Relying too much on a single customer is always a risk for a company, and surplus retailer Liquidity Services (NASDAQ: LQDT) is learning just how difficult it can be to make a successful transition toward a more diversified, balanced business. With the completion of its surplus contract with the U.S. Department of Defense, Liquidity Services has struggled to find other avenues for growth to make up for the lost revenue from that key source of business.
Coming into last Thursday's fiscal first-quarter financial report, Liquidity Services investors expected to see dramatic declines in revenue and further losses stemming from the ongoing challenges that the retailer faces. The company's results weren't as bad as many had expected, however, and that could point to a sustained recovery that could take Liquidity Services in a new direction.
Image source: Liquidity Services.
How Liquidity Services did during the holidays
Liquidity Services' fiscal first-quarter results showed that the company still has plenty of work to do. Revenue came in at $54.1 million, which was down almost 12% from year-earlier levels, but that was still a lot better than the 16% top-line drop that most of those following the stock had expected to see. Net losses of $5 million were about quadruple what they'd been in the year-ago period, but adjusted losses of $0.10 per share were quite a bit better than the consensus forecast for $0.15 per share in red ink.
Fundamentally, there were some more positive signs in Liquidity Services's numbers. Gross merchandise volume climbed by about 2% to $158.5 million, and the company said that when you take out the impact of the complete Defense Department surplus contract, gross merchandise volume was higher by 12% and revenue jumped 20% from the year-earlier quarter.
From a segment perspective, the biggest growth areas came from the GovDeals and retail supply chain group segments, both of which saw marked increase in gross merchandise volume and gross profit. Those gains were generally offset by weakness in the capital asset group, which once again saw sales and gross profit cut in half.
Auction metrics showed mixed results. The number of registered buyers rose almost 10% to more than 3.51 million. But fewer people actually participated in auctions, as participant counts dropped 5% to 493,000. The number of completed transactions was positive, climbing 19% to 145,000.
What's ahead for Liquidity Services?
CEO Bill Angrick put the gains in non-Defense Department business in perspective. "These improvements are notable," Angrick said, "as they mark the third consecutive quarter that we achieved double-digit top line growth, excluding our DoD Surplus contract, and demonstrate that we are successfully executing on our strategy."
However, Liquidity Services did decide to slow down a bit on some of its strategic initiatives.

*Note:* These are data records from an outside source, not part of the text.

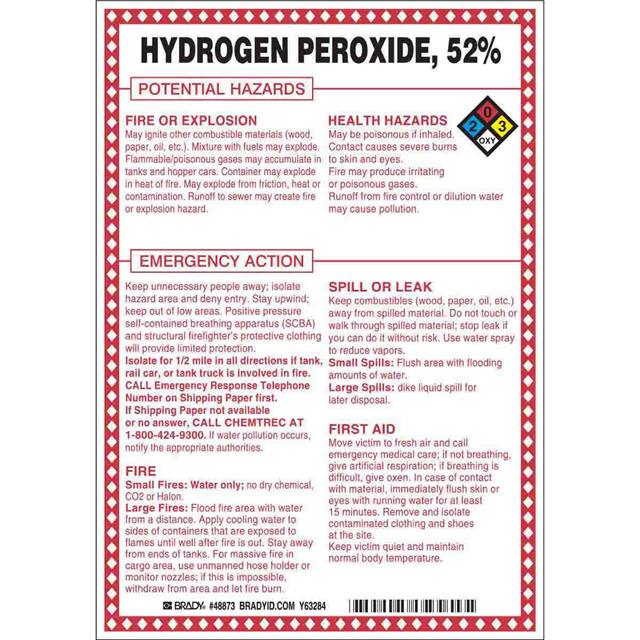 48873 B120,10X7,HYDROGEN PEROXIDE, 52%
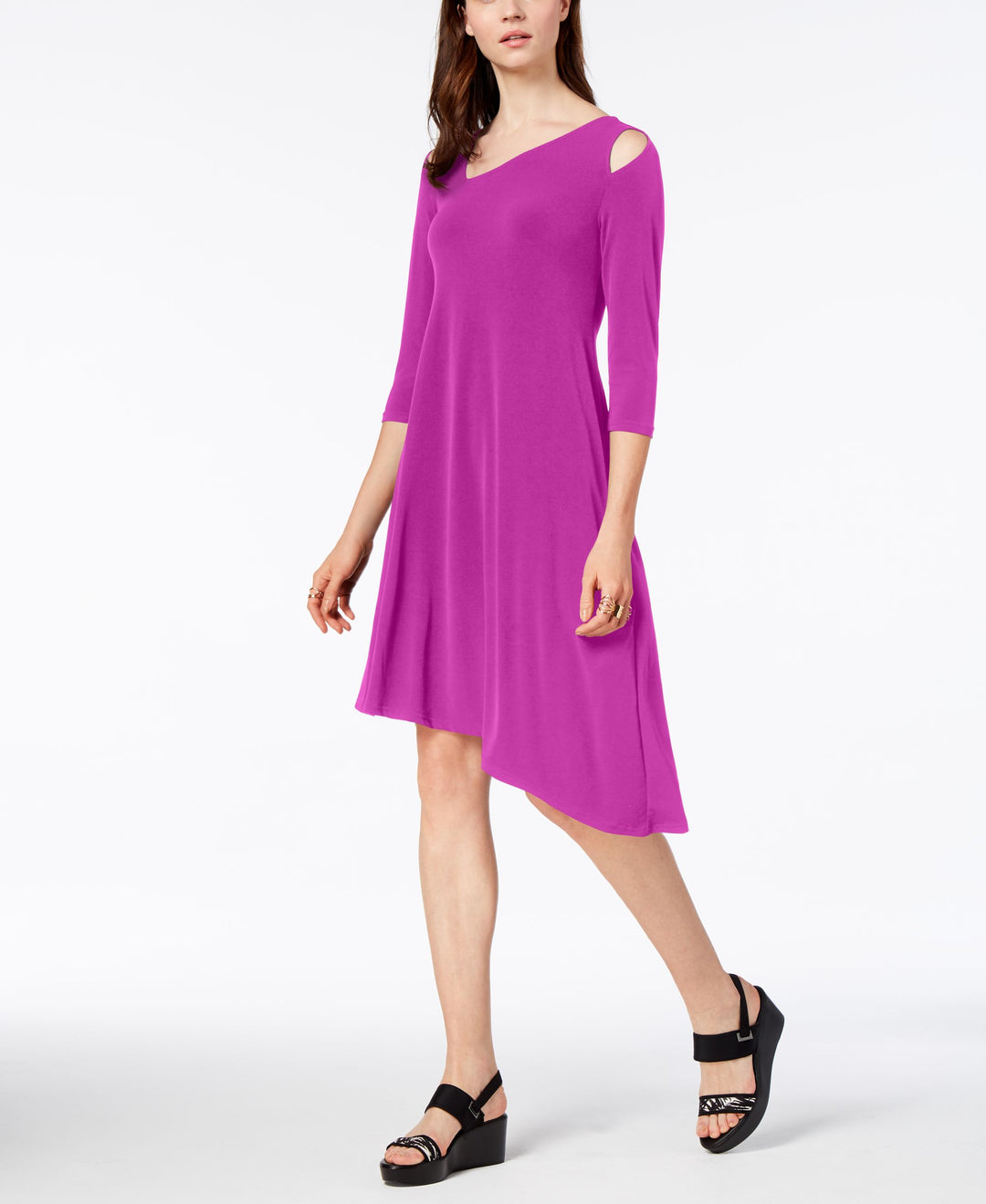 Alfani Cutout Asymmetrical Dress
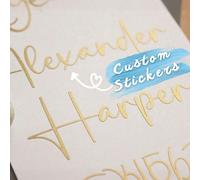 1 pièce Autocollant personnalisé avec texte et nom, autocollant romantique pour boîte-cadeau de mariage, ballon, cadeau d'anniversaire/d'anniversaire de mariage/de réunion, cadeau fait main, écrit à l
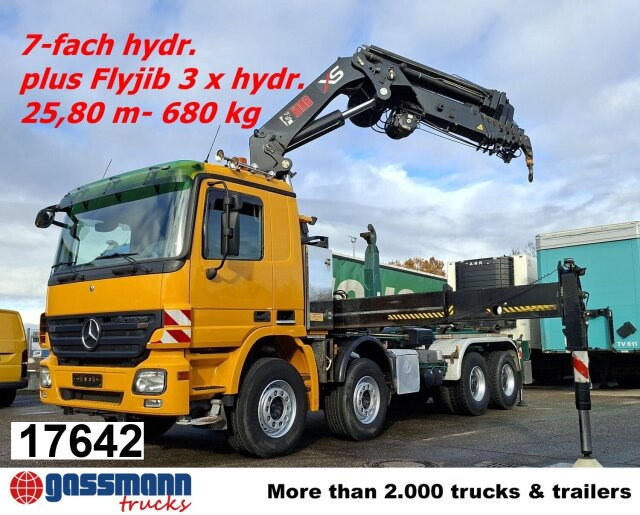 Mercedes-Benz Actros 4146 K 8x4/4, Retarder, Kran Hiab XS 477 - Camião polibenne, Camião grua: foto 1 Mercedes-Benz Actros 4146 K 8x4/4, Retarder, Kran Hiab XS 477 - Camião polibenne, Camião grua: foto 1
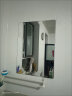 华恺之星 浴室镜子 卫生间镜子免打孔镜子贴墙无框化妆镜 圆角斜边70*50cm 实拍图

Initially, the company had foreseen moving forward with its Go-Dove marketplace near the beginning of 2019, but it decided to defer the launch until the spring in order to go through a more extensive testing process.
Investors also weren't entirely sure how to feel about the company's guidance for the current quarter. Liquidity Services sees gross merchandise volume in the fiscal second quarter of $150 million to $170 million, the same range it had set for the just-completed quarter. Losses will come in between $0.09 and $0.17 per share on an adjusted basis -- roughly in line with year-earlier losses. Those numbers are consistent with what investors were expecting, but they still force shareholders to accept the fact that it likely won't be until 2020 that Liquidity Services could return to profitability.
Investors weren't entirely happy with the report, and the stock dropped 12% on Thursday and Friday after the Thursday morning announcement. With concerns about the broader economy, it's uncertain just how much patience shareholders will have with Liquidity Services' efforts to mount a turnaround -- and it's still likely to be a while before the retailer can complete its strategic plan.